Momentum trading strategies also help explain the euro's rise to $1.5239 earlier Friday, its loftiest level against the dollar since the European unit began trading in January 1999.
The euro pushed above the $1.4900 three times in the past. But this time, Chandler said, speculators appeared to have less exposure to the European currency and were therefore forced to buy euros to cover their positions after the euro finally broke $1.50 in early Asian trade Wednesday.

"Many, like ourselves, were perhaps lulled into a bit of complacency by the clearly identifiable trading range which had confined the euro for the better part of four months. Until it didn't, and then various types of participants, acting like momentum traders, had to scramble and chase the euro higher," Chandler said.

Options, oil and gold
The $1.50 level was key for the euro because of the currency option positions that were said to be clustered there. Such options are traded in the interbank market, so there was no way to determine the exact size of the positions, but analysts said they were considerable.

Because such options lose their value if a currency touches the strike price, traders holding them buy or sell currencies to defend their positions. When the barrier options -- bets on a specific price -- give way, they create a spike above the knock-out price.

"Options are usually a key factor in determining the intensity by which currencies break full figures, and the break of $1.50 was definitely a case in point," said Ashraf Laidi, chief foreign exchange strategist at CMC Markets US.

"Once the dollar-selling intensified, those traders whose interest lied in protecting the $1.50 level to maintain the validity of those options failed to do so, hence accelerating the euro jump," he said.

"However, we should not ignore the effect of record highs in gold and oil as essential drivers of the dollar decline," Laidi said.

Crude oil and gold are both traded in dollars, so as the dollar declines in value, so does the price of these commodities in non-dollar terms, making them more appealing to speculators. Therefore, commodities prices rise in dollar terms as the dollar falls in value against other currencies.

Crude-oil futures closed modestly lower Friday, after hitting a record high of $103 a barrel overnight and marking new intraday highs for four consecutive sessions. See Futures Movers.
Gold futures finished with gains Friday, after hitting a record high of $978.50 an ounce overnight. See Futures Movers.

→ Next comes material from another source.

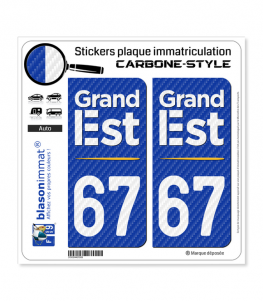 67 Grand Est - Région Carbone-Style | Stickers plaque immatriculation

If the dollar continues to weaken and U.S. inflation rises, some analysts believe gold could surpass the psychologically key $1,000 level before the end of March. Read more about gold.

Rates still matter
To be sure, economic fundamentals remain as important as ever.
Some economists believe a U.S. recession has now begun, based on data showing declining employment, weak incomes and slumping industrial production. For the current quarter, economists are predicting no growth.

Now that Bernanke has signaled more rate cuts on the horizon, some central-bank watchers predict the federal funds rate will drop to 2% from the current 3%, most likely by the summer. See Capitol Report.

Lower interest rates erode the returns on dollar-denominated assets and can weigh on a currency, as can slower economic growth.

"Mounting recession fears on dour U.S. data and Bernanke's testimony have sent the dollar lower against most major currencies," John Rivera, currency analyst at Forex Capital Markets, told clients in a note Friday.

And the bottom line is that most traders base their actions largely on what they think other traders are doing.

"One of the most powerful market forces and the one we pay close attention to is traders' perception," said Adam Hewison, president of INO.com, a technical analysis site. "Traders' perception right now is to be long commodities, short the dollar, and short the equity markets. That's the way we think the markets are going right now."